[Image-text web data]
--------------------------------------------------

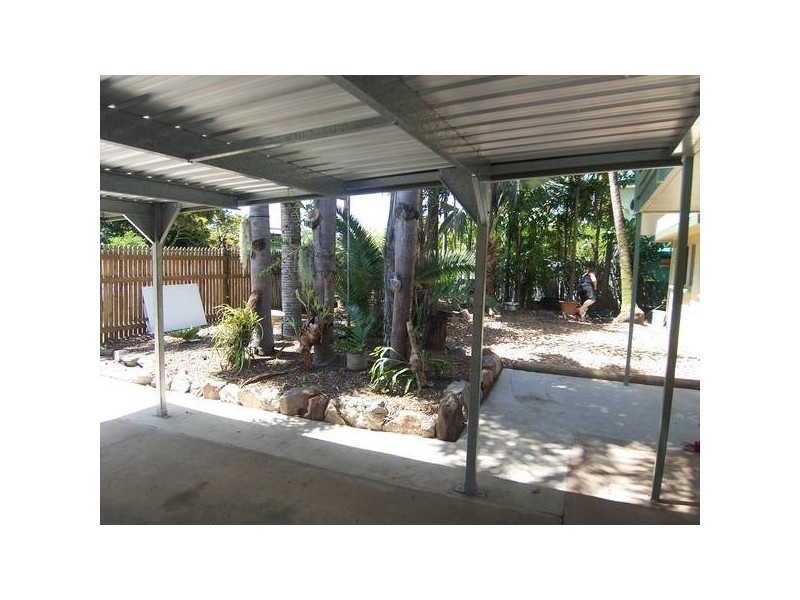 8 Deborah St., Kelso QLD 4815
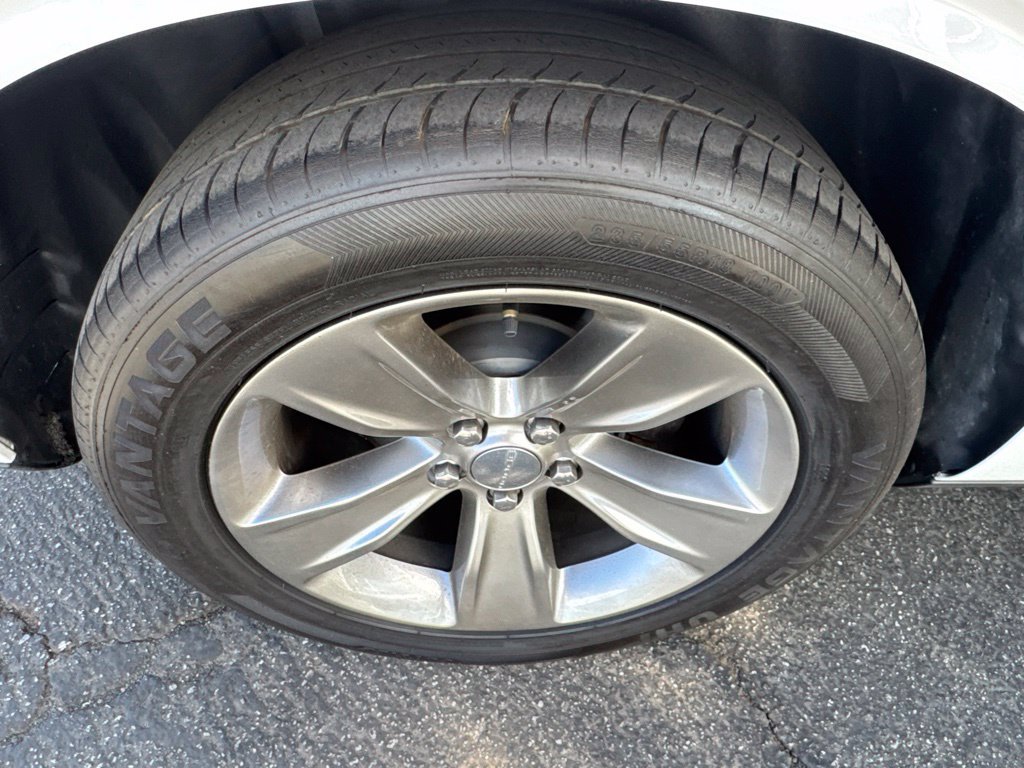 Used 2019 Dodge Challenger SXT RWD image 10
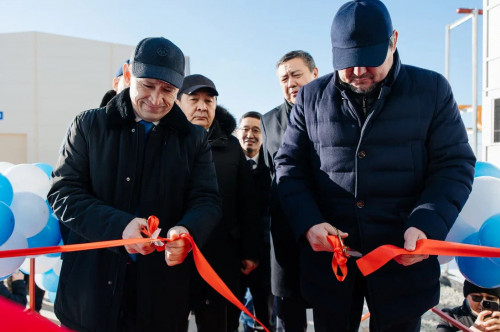 اتىراۋدا ازىق-ت ۇلىك باعاسىن تۇراقتاندىرۋعا باعىتتالعان ءىرى لوگيستيكالىق ورتالىق اشىلدى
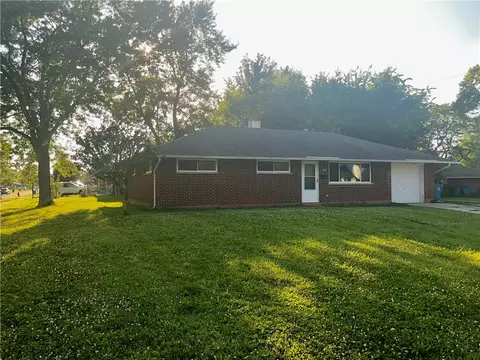 4450 Lambeth Dr, Huber Heights, OH 45424
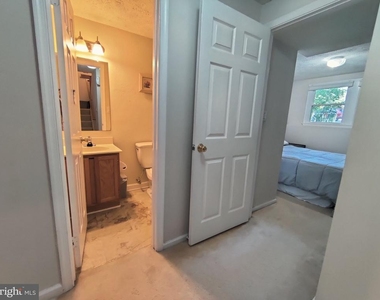 6061 Clay Spur Court - Photo Thumbnail 17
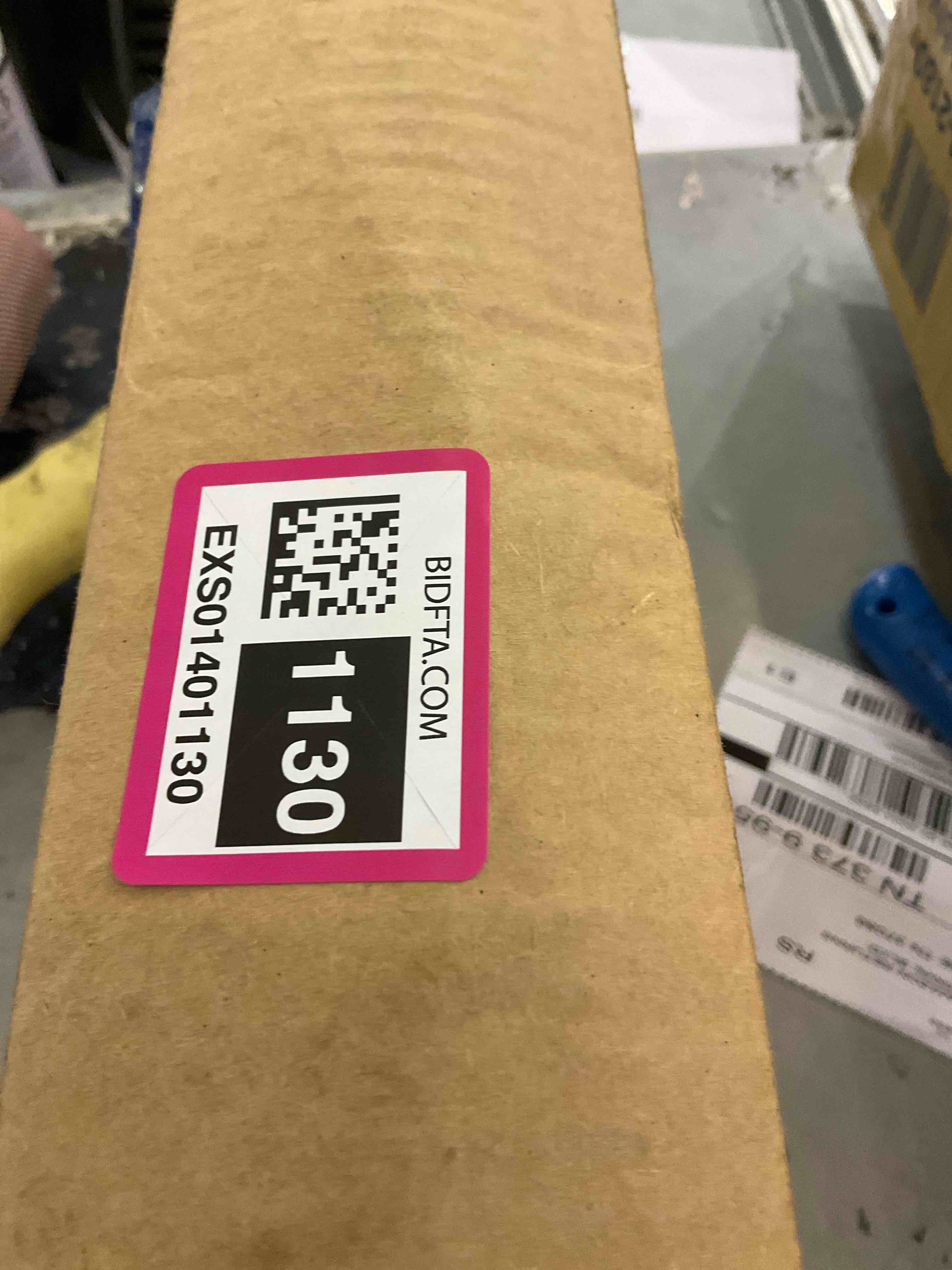 https://s3.amazonaws.com/lotting-images-prod/BargainHunt/EXS01401130_1722260144820.jpeg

--------------------------------------------------

• WORK TASK
In your copy of the records above, include no pictures and match every line exactly.

• ANSWER SPACE
 8 Deborah St., Kelso QLD 4815
 Used 2019 Dodge Challenger SXT RWD image 10
 اتىراۋدا ازىق-ت ۇلىك باعاسىن تۇراقتاندىرۋعا باعىتتالعان ءىرى لوگيستيكالىق ورتالىق اشىلدى
 4450 Lambeth Dr, Huber Heights, OH 45424
 6061 Clay Spur Court - Photo Thumbnail 17
 https://s3.amazonaws.com/lotting-images-prod/BargainHunt/EXS01401130_1722260144820.jpeg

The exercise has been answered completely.